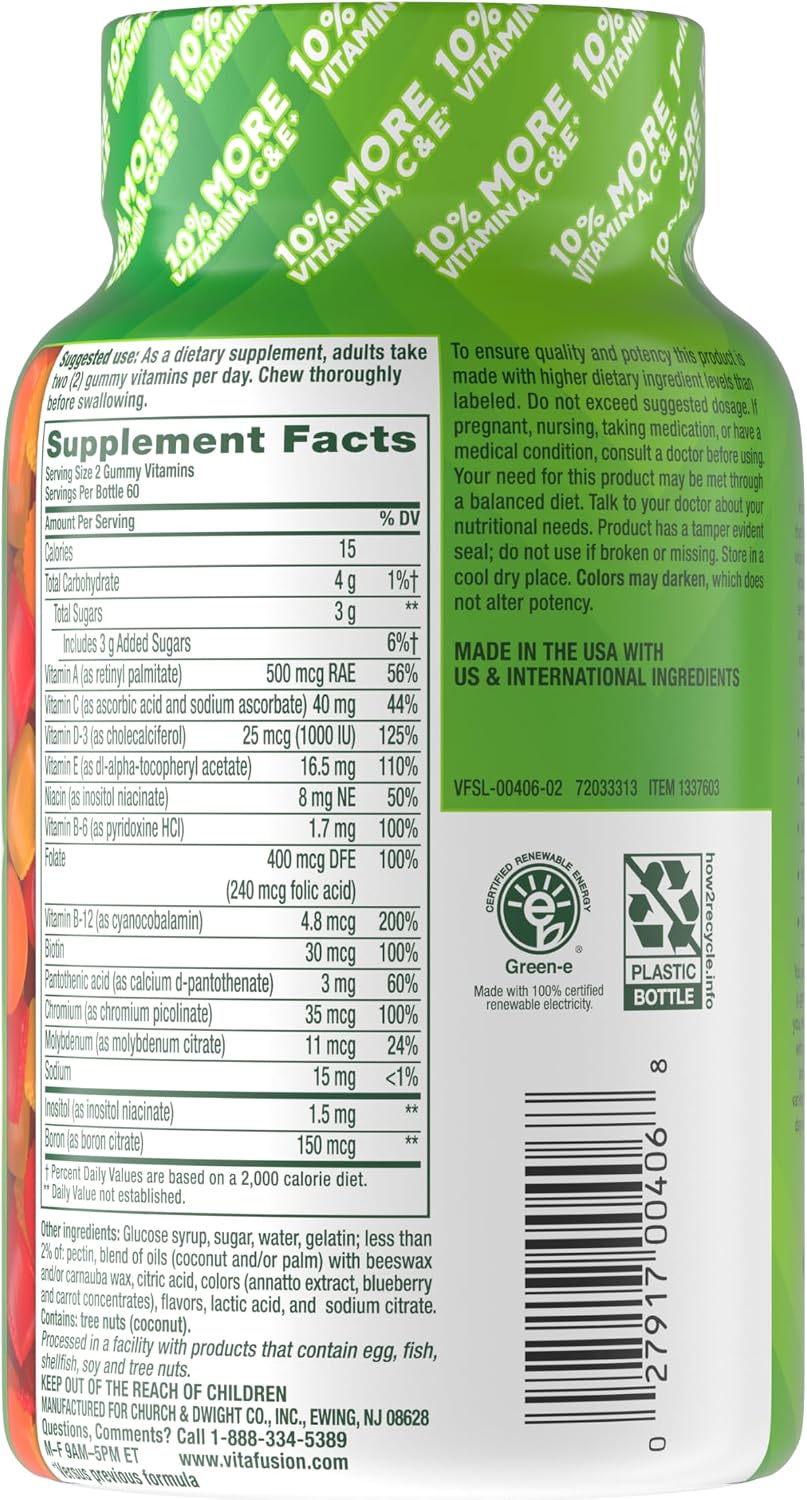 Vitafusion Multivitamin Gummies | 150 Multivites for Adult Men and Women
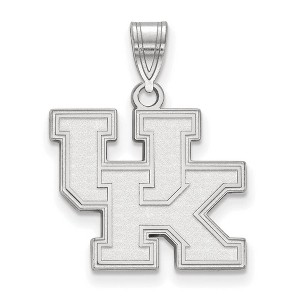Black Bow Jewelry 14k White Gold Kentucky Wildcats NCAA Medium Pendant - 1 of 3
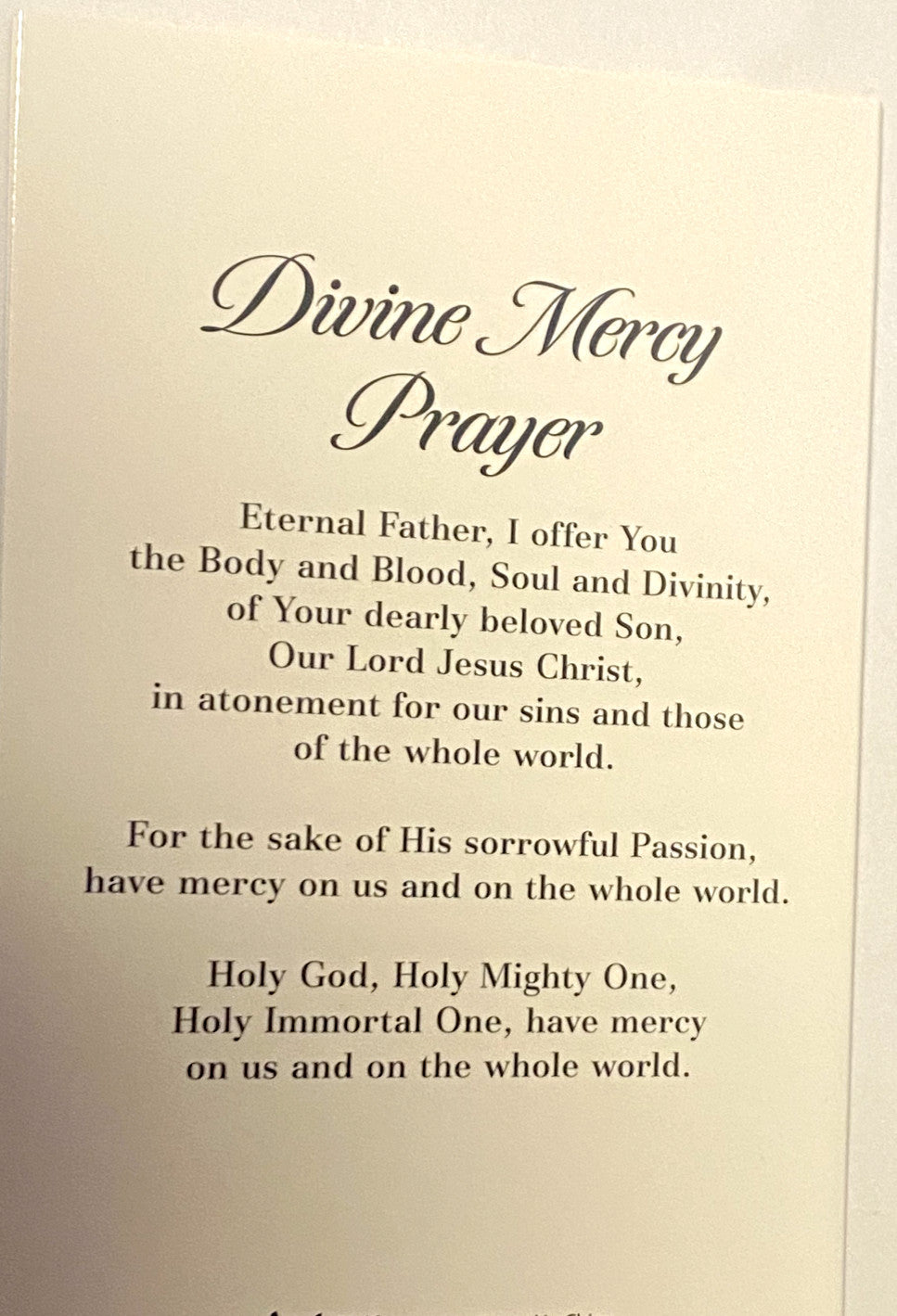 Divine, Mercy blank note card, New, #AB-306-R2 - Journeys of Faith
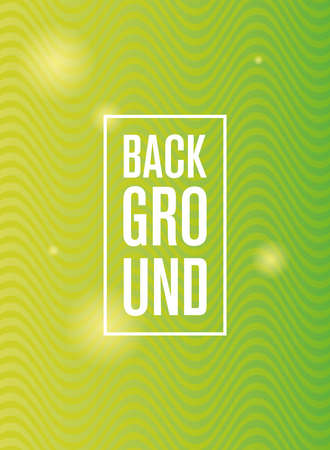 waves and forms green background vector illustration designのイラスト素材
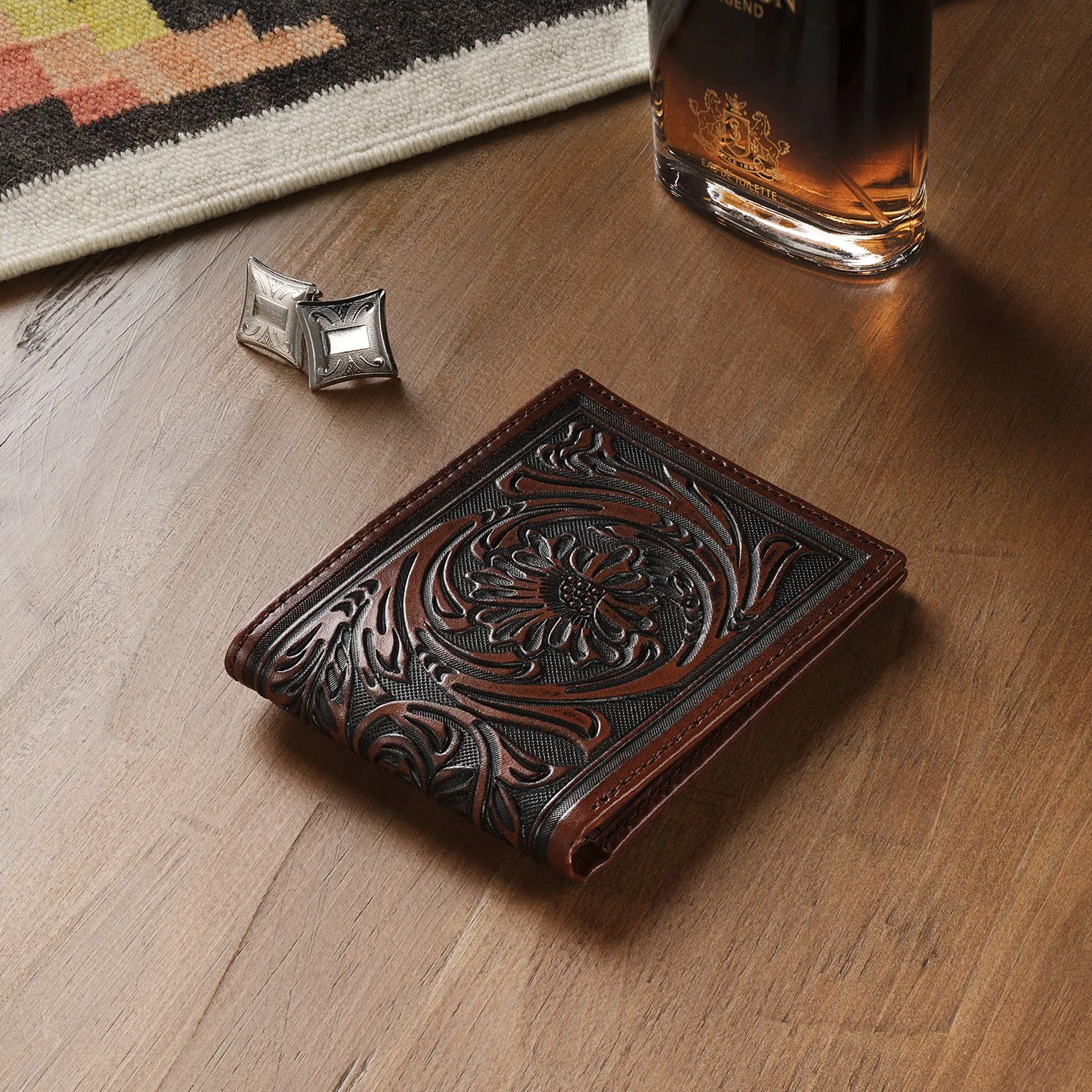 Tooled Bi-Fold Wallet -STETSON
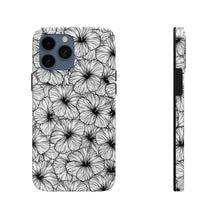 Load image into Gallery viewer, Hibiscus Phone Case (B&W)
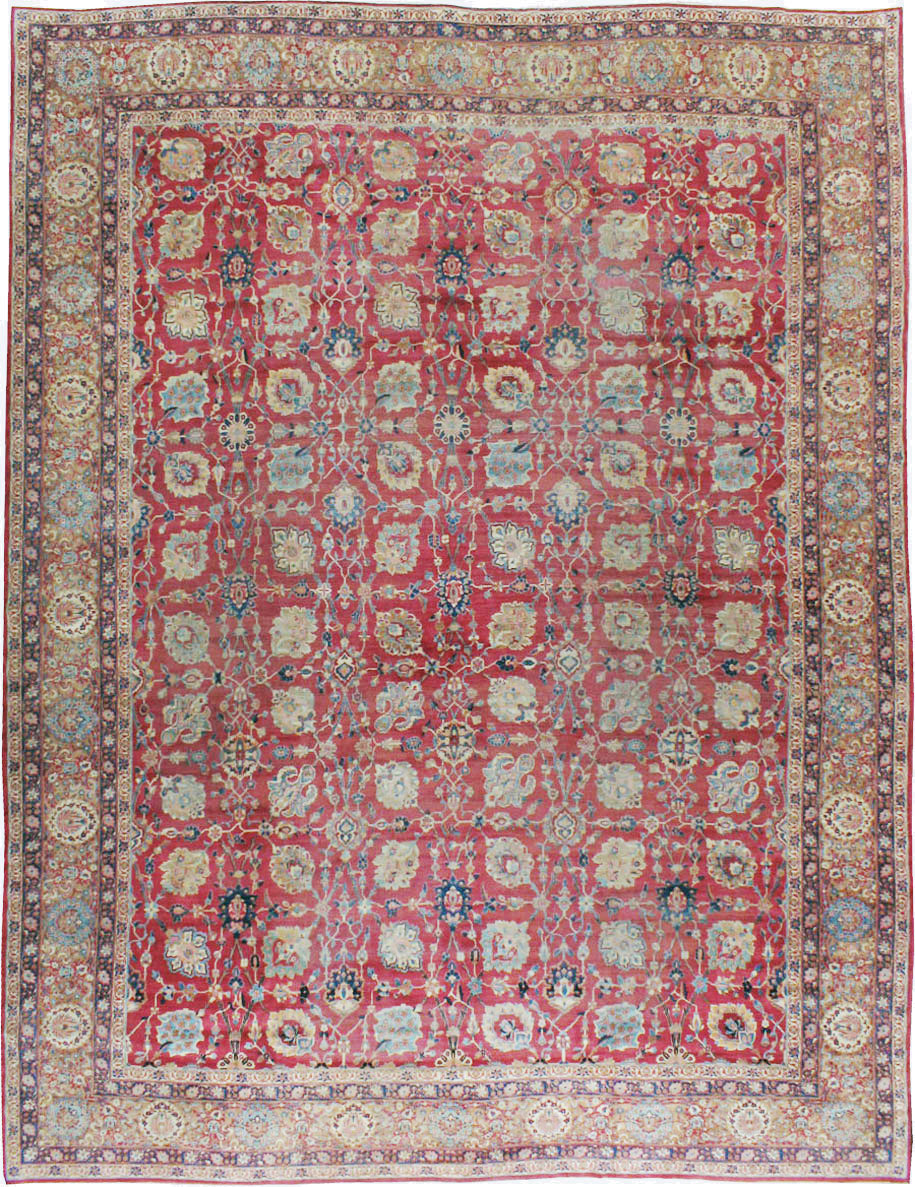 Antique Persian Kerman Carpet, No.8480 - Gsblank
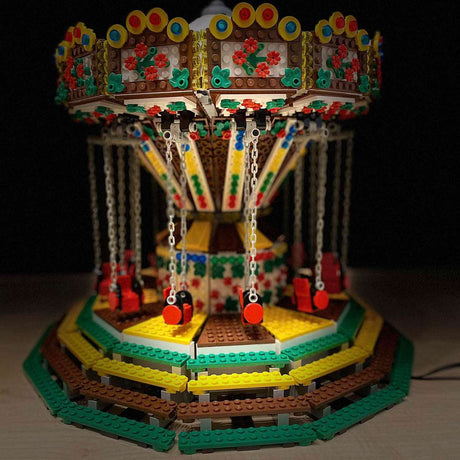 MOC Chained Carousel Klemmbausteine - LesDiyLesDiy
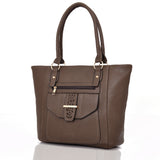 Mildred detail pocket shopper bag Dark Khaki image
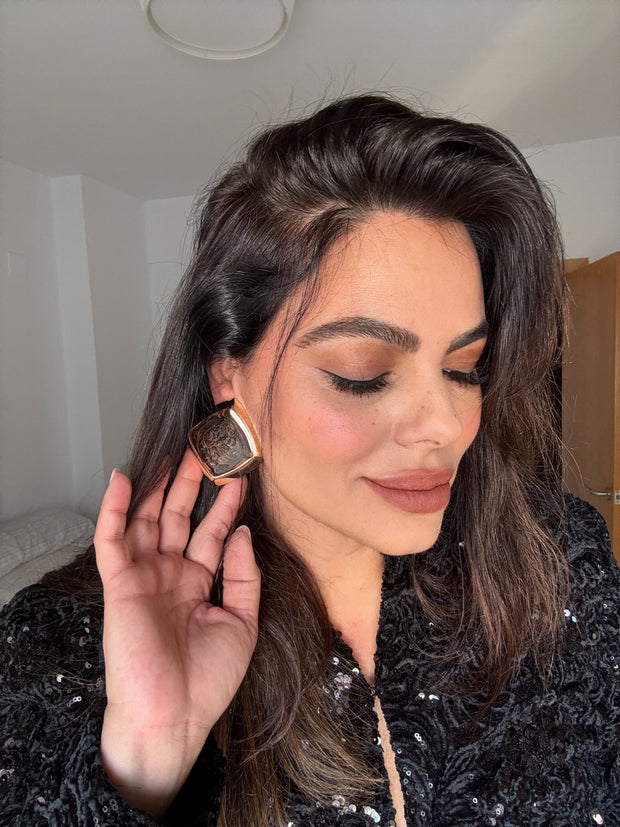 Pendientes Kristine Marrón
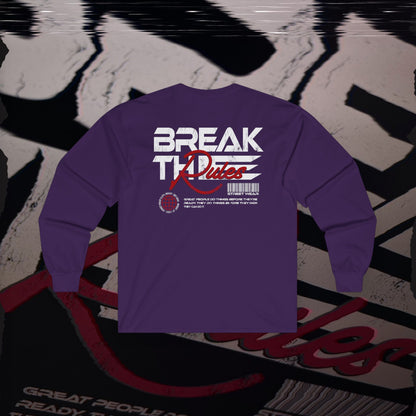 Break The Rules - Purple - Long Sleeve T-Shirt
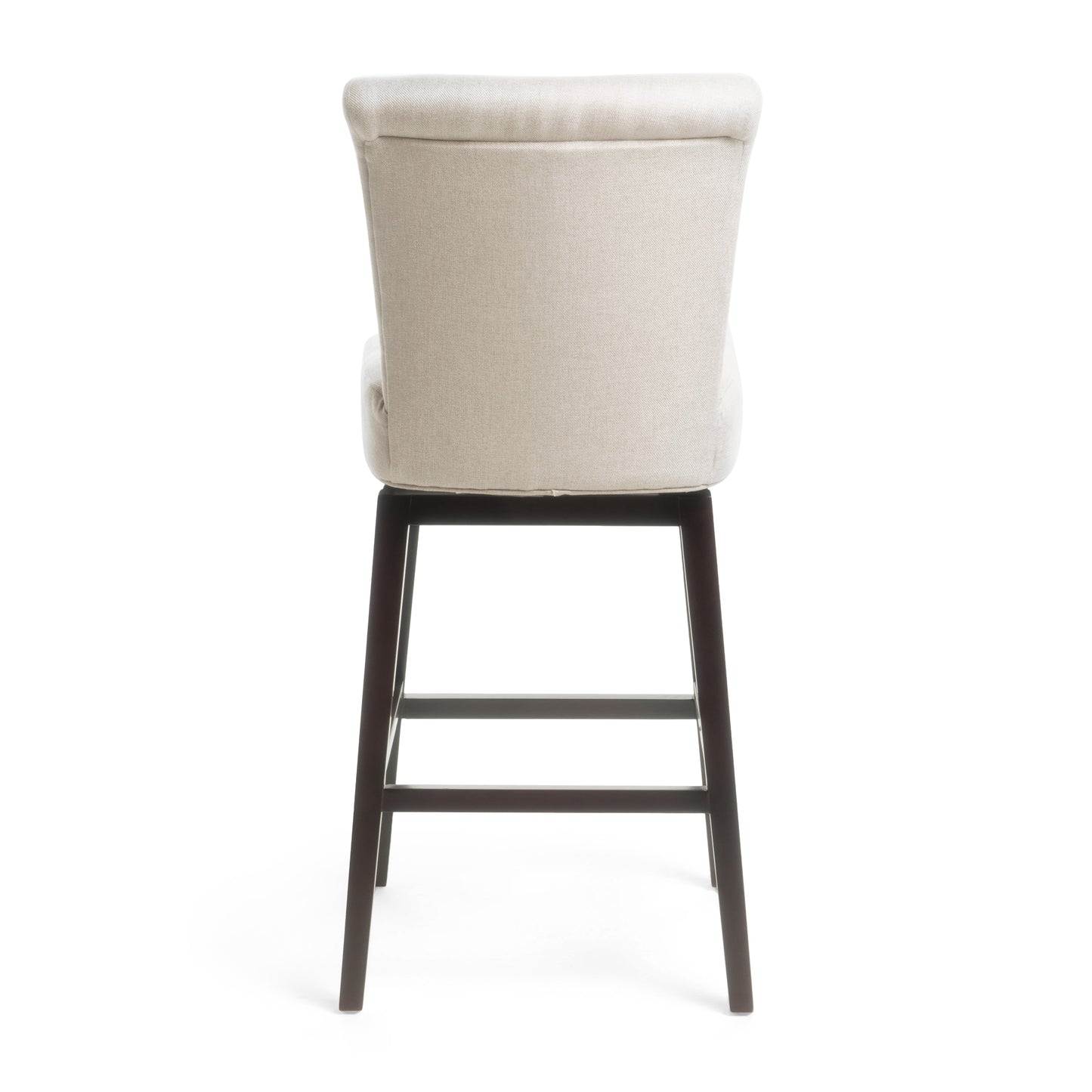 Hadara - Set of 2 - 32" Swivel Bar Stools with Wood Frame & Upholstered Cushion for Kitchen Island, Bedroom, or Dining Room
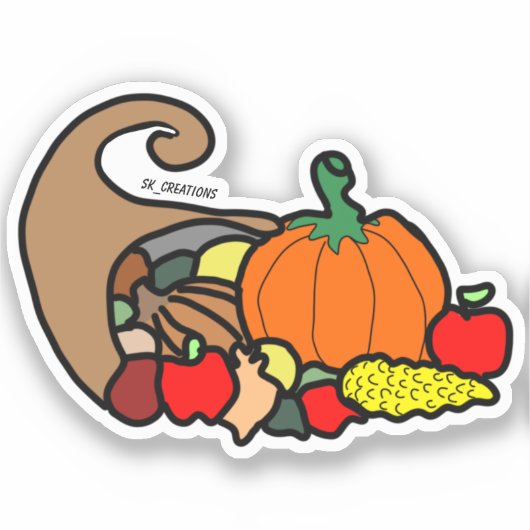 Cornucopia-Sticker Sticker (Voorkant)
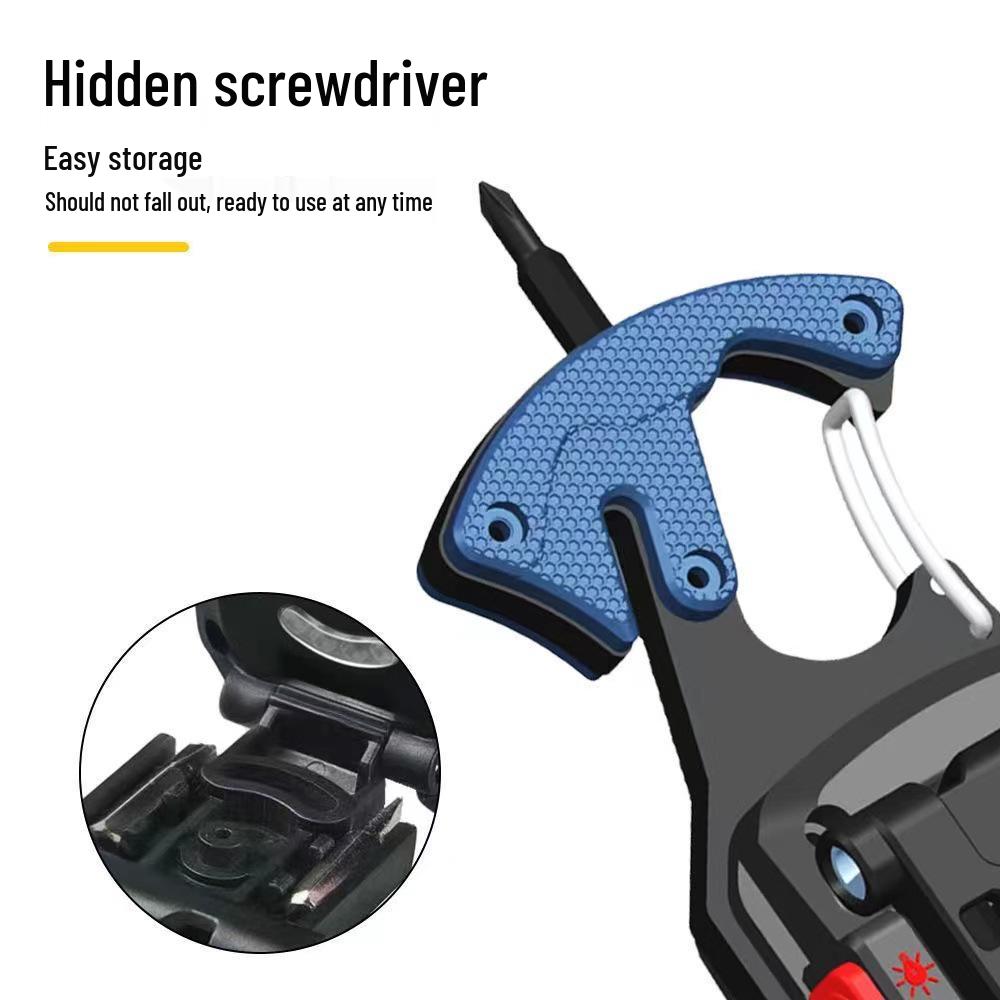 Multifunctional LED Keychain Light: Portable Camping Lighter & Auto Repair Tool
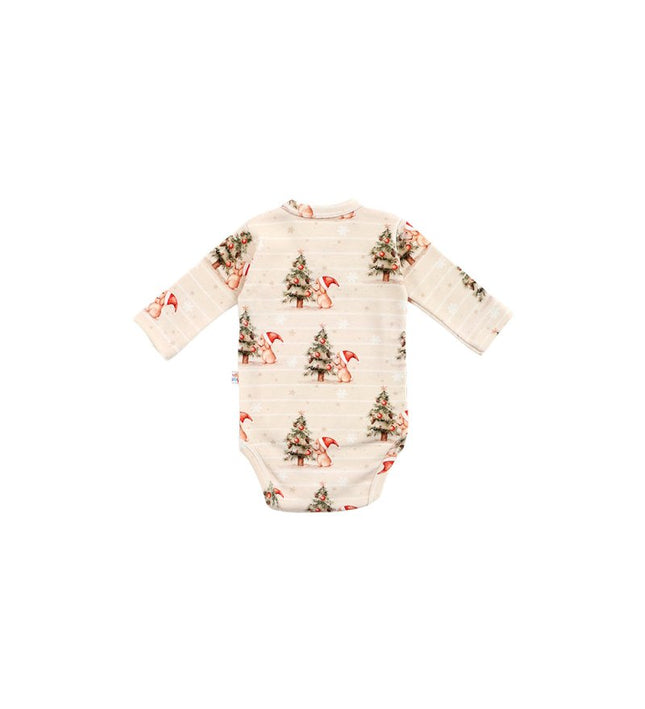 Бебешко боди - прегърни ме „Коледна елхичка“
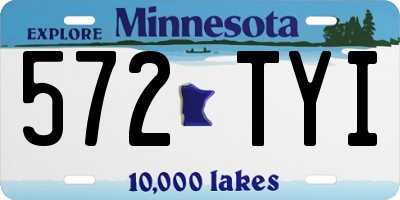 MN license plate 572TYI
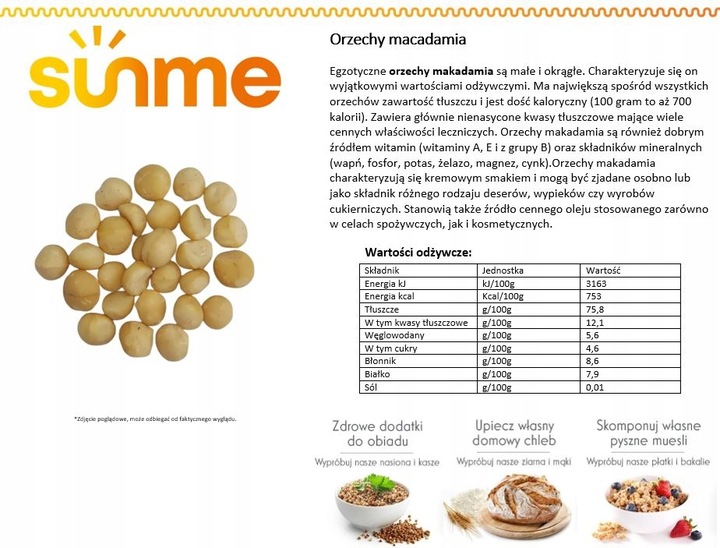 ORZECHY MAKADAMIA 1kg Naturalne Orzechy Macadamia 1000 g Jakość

## What is expected:
Give back all the data exactly, minus pictures.

## Answer for this exercise:
 Vitafusion Multivitamin Gummies | 150 Multivites for Adult Men and Women
Black Bow Jewelry 14k White Gold Kentucky Wildcats NCAA Medium Pendant - 1 of 3
 Divine, Mercy blank note card, New, #AB-306-R2 - Journeys of Faith
 waves and forms green background vector illustration designのイラスト素材
 Tooled Bi-Fold Wallet -STETSON
 Load image into Gallery viewer, Hibiscus Phone Case (B&W)
 Antique Persian Kerman Carpet, No.8480 - Gsblank
 MOC Chained Carousel Klemmbausteine - LesDiyLesDiy
 Mildred detail pocket shopper bag Dark Khaki image
 Pendientes Kristine Marrón
 Break The Rules - Purple - Long Sleeve T-Shirt
 Hadara - Set of 2 - 32" Swivel Bar Stools with Wood Frame & Upholstered Cushion for Kitchen Island, Bedroom, or Dining Room
 Cornucopia-Sticker Sticker (Voorkant)
 Multifunctional LED Keychain Light: Portable Camping Lighter & Auto Repair Tool
 Бебешко боди - прегърни ме „Коледна елхичка“
 MN license plate 572TYI
 ORZECHY MAKADAMIA 1kg Naturalne Orzechy Macadamia 1000 g Jakość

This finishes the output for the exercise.